A secretaria também falou sobre o afastamento de profissionais da saúde e testagem para quem trabalha na área. Confira a nota na íntegra:

A Secretaria Estadual de Saúde (SES-PE) informa que, desde o início da pandemia do novo coronavírus, tem monitorado permanentemente o abastecimento e os estoques de equipamentos de proteção individual (EPIs) das unidades da rede estadual de saúde. Durante todo o processo, não houve falta desses insumos, garantidos por meio de diversas ações para compra de itens, de acordo com as especificações técnicas recomendadas pelos órgãos de controle, visando garantir a segurança do profissional de saúde e dos pacientes.

Ao todo, mais de 30 milhões itens foram adquiridos. É importante frisar, ainda, que a SES-PE e as unidades da rede estadual têm feito um trabalho permanente de conscientização dos seus profissionais sobre o uso adequado e oportuno destes equipamentos.
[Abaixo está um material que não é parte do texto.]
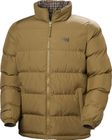YU 23 Reversible Puffer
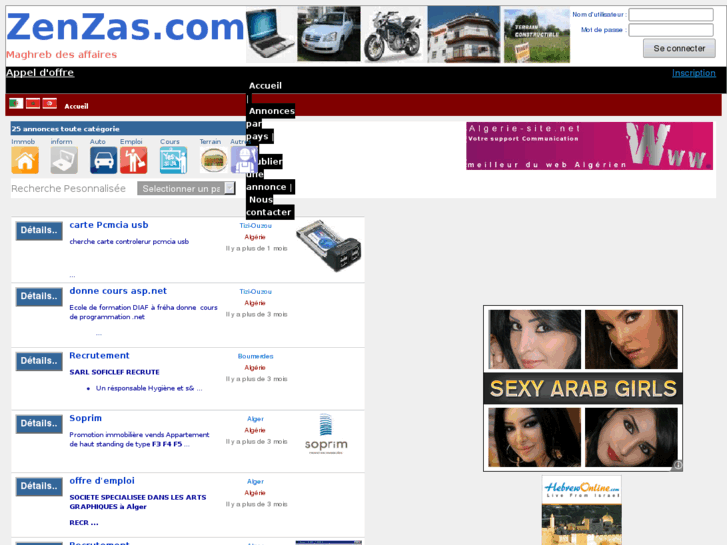 www.zenzas.com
Em relação ao afastamento de profissionais, Pernambuco foi pioneiro na criação, em abril, de uma portaria para regulamentar a questão. Entre as medidas, orientou-se o afastados de atividades que impliquem atendimento ao público externo de servidores e colaboradores enquadrados nos grupos de risco, como acima de 60 anos, gestantes e com comorbidades. Acima de 70 anos, a orientação era pelo trabalho remoto. Nessa última faixa etária, foram convocados médicos para atuar remotamente prestando teleorientação pelo aplicativo Atende em Casa.
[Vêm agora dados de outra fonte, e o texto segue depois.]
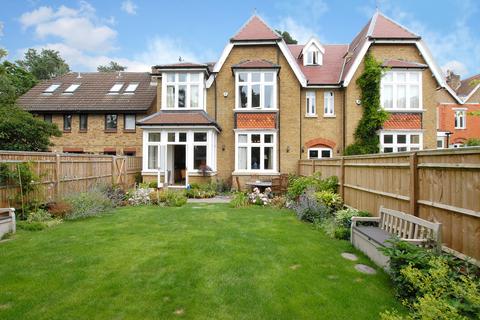 undefined, St. Catherines Road, Frimley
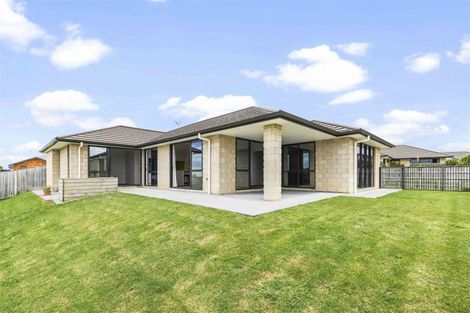 Photo of property in 11 Jack Rise, Grandview Heights, Hamilton, 3200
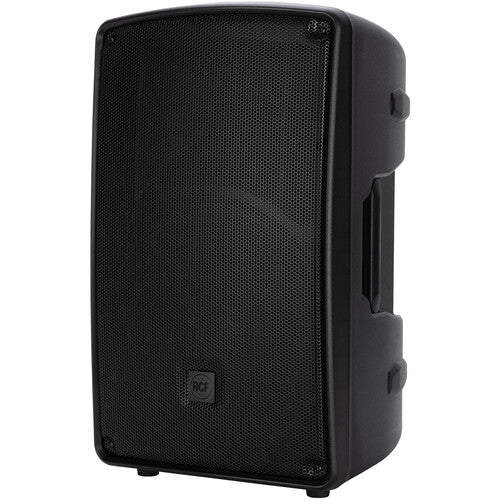 RCF HD 12-A MK5 Active 12" 2-Way 1400W Speaker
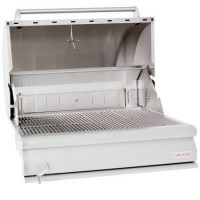 Blaze-Charcoal-Grill Blaze-Charcoal-Grill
O Estado ainda foi pioneiro na inclusão, também no início de abril, dos profissionais de saúde como prioritários para a testagem para a Covid-19. Desde então, mais de 50 mil fizeram o exame.

Por fim, a SES-PE ressalta seu comprometimento em implementar as medidas necessárias para proteger a atuação dos profissionais da rede estadual de saúde e para afastá-los de setores ou colocá-los em trabalho remoto quando necessário.